Peace prize awarded to human rights defender Peter Steudtner from Quaker Help Foundation

Berlin, 29 November 2017 – Human rights defender Peter Steudtner, who was just recently released from custody in Turkey, will be awarded the first Peace Prize of the German Quäker-Hilfe Stiftung (QHS). “We want to pay tribute to Peter‘s courageous and long-time dedication to peace and human rights work. His commitment to anti-violent conflict resolution, peace and justice is outstanding. The award is honouring a person who stands for human rights as well as for the freedom of the press and freedom of speech”, Manuela Kikillus, Director of Quäker-Hilfe Stiftung, said.

 

QHS launches its Peace Prize on the occasion of the 100th anniversary of Quaker aid-projects in Germany. The prize is intended to honour individuals and initiatives that have made a special contribution to peaceful and just coexistence of people on both, a global and local scale. For many years, Peter Steudtner has campaigned for violence prevention and peacebuilding and thus for a more just and humane world where human rights are fully respected and war, violence and oppression are banned. Among others, he worked with initiatives and NGOs, such as “gewaltfrei handeln”, “KURVE Wustrow” and the “INKOTA network”. In summer he accepted an invitation from Turkish human rights organisations to attend a workshop on wellbeing and digital security.

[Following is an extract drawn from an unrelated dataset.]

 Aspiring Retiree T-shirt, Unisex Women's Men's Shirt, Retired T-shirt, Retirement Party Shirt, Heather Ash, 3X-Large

He was detained in Istanbul on 5 July and was held in Silivri Prison, near Istanbul, along with nine other human rights defenders for allegedly aiding a terror group. On 26 October he was released and allowed to return to Germany, while charges against him remained in force.

 

“Peter Steudtner stands for democratic empowerment and civil resistance. He has given an example of peaceful and anti-violent action against the threatening rise of authoritarian thought”. Kikillus said, the QHS-Peace Prize aims at sending out a signal for peace and justice in an increasingly unsecure world. Cooperation and consent at both, the national and international level, are mandatory for establishing lasting peace in a globalised world.

 

Quakers, the religious society of friends, have been known in Germany especially for their aid programs after both World Wars and their uncompromising stance with which they opposed the Nazis. In 1947 they were granted the Nobel Peace Prize.

 

The award ceremony will take place on 5 December at 12 pm at Gethsemanekirche Berlin. The laudatory speech will be given by Wolfgang Thierse, former President of the German Bundestag.